Of course the examples in this article are rather oversimplified, but the concept is important. An organization's PfM function should be a strategically driven role that remains focused on ensuring that there is the highest possible likelihood of achieving the business goals and objectives that have been set during the planning process. Unless PfM remains focused on those goals and objectives it is simply another level of project management.
The resulting role may still add some value, but also has the potential to create confusion and (more importantly) leaves no one focused on the overall objectives that the organization is trying to achieve. If PfM does not play the strategic, objective focused role, then it will be left to the business sponsors. And as we know from past experiences that will inevitably result in partisan decision-making and internal politics none of which benefits the organization at large.
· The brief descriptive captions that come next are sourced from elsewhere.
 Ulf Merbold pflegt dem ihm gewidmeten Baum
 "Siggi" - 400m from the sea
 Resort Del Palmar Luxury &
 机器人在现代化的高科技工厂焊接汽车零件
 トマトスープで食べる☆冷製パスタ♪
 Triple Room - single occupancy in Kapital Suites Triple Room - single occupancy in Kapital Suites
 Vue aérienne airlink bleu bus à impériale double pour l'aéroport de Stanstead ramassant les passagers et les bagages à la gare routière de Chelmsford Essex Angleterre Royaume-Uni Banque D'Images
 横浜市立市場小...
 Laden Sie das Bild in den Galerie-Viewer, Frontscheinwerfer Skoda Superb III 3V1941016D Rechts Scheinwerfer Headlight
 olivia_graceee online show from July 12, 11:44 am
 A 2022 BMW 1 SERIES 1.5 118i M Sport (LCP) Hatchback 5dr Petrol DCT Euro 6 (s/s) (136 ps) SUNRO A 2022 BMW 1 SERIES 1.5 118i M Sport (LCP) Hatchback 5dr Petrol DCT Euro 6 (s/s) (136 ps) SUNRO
The implications of this are clearly that PfM has to be an executive function within the organization. PfM must have the authority to make decisions that may negatively impact individual business units and potentially damage the ability of those departments to achieve their own goals. Obviously, PfM must always act collaboratively with department heads. Nevertheless, there needs to be a clear understanding and acceptance that the focus is on maximizing the chances of the overall portfolio achieving the collective goals and objectives of the whole organization. To repeat, PfM is not a role that can simply be appointed. It is something that requires the portfolio manager to develop strong relationships with all department heads and create levels of trust that allow for portfolio management decisions to be recognized as driven by the overall organizational needs. And that must be true even when individual groups are negatively impacted by those decisions.
I sometimes compare a portfolio manager to a general managing the entire battle, and that's a good image to think of here. They are managing the resources available to them in order to achieve the strategic objectives that the organization has deemed important. In the "war" to achieve the complete set of objectives that have been set, it is acceptable to lose a few "battles". That means sacrificing one or two projects and leaving others only partially complete as long as they have been sacrificed in order to further the interests of the overall portfolio.
That can be a tough thing for organizations to accept, but it's what elevates portfolio management to a true strategic function, and improves the ability for the organization to achieve its destination.